- Supplied records -
▼▼▼
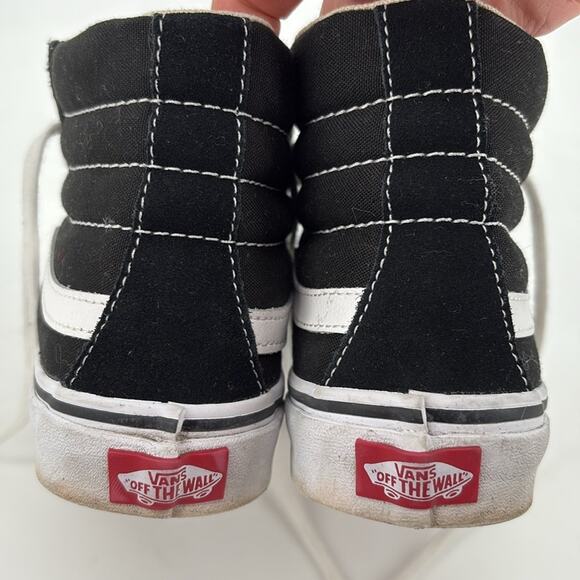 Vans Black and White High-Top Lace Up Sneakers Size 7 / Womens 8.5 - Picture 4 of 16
▲▲▲
▼▼▼
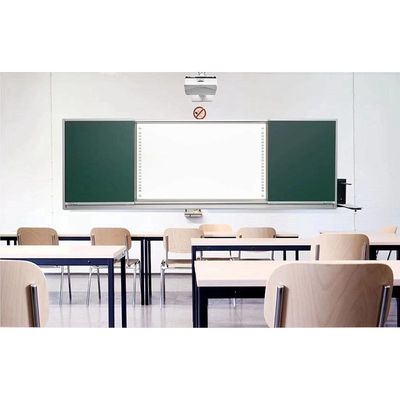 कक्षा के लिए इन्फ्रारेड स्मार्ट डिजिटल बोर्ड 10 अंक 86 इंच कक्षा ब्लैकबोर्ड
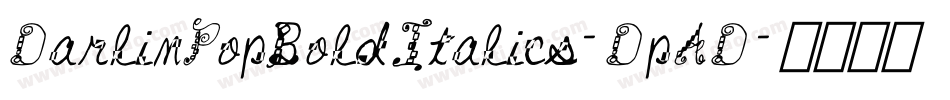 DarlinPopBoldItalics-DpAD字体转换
▲▲▲
- Your goal -
Beginning with the line above that contains "कक्षा के लिए" and ending with the line that contains "DarlinPopBoldItalics-DpAD字体转换", quote each line exactly, keeping out the pictures.

- Problem solution -
 कक्षा के लिए इन्फ्रारेड स्मार्ट डिजिटल बोर्ड 10 अंक 86 इंच कक्षा ब्लैकबोर्ड
 DarlinPopBoldItalics-DpAD字体转换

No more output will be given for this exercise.